“Speaking of pterodactyls, I’m about as ancient.”
That’s how she introduced herself.
A greeting like that from the 91 year old woman who seated her brittle, fossiled bones in the chair across from me was pretty much all I needed that early May morning at an outreach I do for poor senior citizens.
“In paleontological terms, I’m a dinosaur,” she badabumped, and I slapped the table in unison as a drum in agreement like the bad sidekick in a vaudeville duo. Together, our timing was damn good, and I miss her terribly.
She continued the schtick with a brief lesson of the Mesozoic epoch from which I’m now convinced she came, and told me how she expected to be just as extinct very soon. In her era, she was a geography professor, but that was decades ago when she had a much larger wing span, the memory of a great Mammoth, and didn’t need a walker to get across her territory. And indeed, this was her territory.
As much as I needed us to get down to the business that brought her to me, I gave her the stage and she earned every enthusiastic applause. She was masterful at mixing her dino-metaphors with the stories of her life. She told me how she was deposited in the desert several years ago by loving family members whom she has neither seen nor heard from since.
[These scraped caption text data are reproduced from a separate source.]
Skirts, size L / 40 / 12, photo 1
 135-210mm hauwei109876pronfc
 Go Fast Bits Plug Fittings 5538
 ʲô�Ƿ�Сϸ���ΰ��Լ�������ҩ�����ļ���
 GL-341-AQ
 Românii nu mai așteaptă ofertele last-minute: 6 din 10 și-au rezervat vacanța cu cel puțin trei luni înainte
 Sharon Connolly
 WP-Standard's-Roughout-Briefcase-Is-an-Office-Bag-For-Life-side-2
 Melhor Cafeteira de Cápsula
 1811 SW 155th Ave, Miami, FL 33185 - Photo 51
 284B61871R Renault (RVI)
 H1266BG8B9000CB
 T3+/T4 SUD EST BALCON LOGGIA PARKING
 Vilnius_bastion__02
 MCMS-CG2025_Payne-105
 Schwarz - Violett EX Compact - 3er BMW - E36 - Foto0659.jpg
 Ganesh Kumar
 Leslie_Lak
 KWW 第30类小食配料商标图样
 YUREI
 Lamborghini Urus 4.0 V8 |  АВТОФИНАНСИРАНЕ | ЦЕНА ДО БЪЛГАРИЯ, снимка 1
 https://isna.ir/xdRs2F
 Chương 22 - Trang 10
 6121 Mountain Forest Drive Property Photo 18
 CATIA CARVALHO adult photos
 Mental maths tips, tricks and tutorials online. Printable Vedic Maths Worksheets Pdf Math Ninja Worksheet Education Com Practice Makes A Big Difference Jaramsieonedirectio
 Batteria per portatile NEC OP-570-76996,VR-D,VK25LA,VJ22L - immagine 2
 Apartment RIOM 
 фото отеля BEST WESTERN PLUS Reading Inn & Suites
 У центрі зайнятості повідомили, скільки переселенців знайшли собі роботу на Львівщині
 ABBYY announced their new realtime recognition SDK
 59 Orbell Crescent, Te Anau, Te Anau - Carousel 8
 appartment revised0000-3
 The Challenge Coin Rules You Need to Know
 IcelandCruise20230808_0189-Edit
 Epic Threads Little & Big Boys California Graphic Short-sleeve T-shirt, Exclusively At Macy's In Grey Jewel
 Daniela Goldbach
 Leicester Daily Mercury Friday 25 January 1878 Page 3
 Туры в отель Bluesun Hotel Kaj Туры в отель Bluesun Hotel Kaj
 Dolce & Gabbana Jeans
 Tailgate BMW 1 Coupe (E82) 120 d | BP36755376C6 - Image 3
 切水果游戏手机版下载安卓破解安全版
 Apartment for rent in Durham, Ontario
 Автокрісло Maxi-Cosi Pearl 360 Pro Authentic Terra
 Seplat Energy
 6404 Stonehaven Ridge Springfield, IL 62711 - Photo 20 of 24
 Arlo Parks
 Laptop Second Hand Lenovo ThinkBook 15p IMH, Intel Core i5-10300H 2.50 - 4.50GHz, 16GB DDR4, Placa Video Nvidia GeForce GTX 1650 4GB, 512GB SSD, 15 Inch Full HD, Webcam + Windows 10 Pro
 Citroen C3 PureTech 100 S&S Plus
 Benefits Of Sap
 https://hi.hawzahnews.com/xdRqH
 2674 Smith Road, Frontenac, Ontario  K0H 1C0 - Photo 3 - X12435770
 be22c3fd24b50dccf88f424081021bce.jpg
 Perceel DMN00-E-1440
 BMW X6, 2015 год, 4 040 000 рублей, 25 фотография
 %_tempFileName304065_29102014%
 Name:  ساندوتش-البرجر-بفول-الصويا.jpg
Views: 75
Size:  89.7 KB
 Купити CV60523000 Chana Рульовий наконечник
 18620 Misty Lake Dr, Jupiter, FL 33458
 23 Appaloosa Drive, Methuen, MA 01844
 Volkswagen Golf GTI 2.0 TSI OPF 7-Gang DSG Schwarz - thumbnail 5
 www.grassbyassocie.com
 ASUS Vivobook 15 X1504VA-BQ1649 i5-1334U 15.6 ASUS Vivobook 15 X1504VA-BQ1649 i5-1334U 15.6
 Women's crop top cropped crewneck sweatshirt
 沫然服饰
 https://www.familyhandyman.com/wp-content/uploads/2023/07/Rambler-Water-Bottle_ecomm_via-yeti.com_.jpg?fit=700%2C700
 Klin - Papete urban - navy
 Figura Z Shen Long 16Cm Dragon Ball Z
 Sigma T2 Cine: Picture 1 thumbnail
A pittance would be a generous description of her social security income which pays the rent, keeps the lights on and buys her fewer groceries than she deserves. This dinosaur had a story to tell.
It’s not unlike most I hear every day among the poor senior citizens who spend their final years scavenging to survive and fending off predators.
We sat and talked for at least an hour that morning. The stories she told me have since–like the dinosaurs–been buried for several months now. She was one of my most entertaining mornings in recent memory and taught me to be a better storyteller because of it.
There are some people who come for just an hour,
and live with you for the rest of your life.
This one still has me at pterodactyl.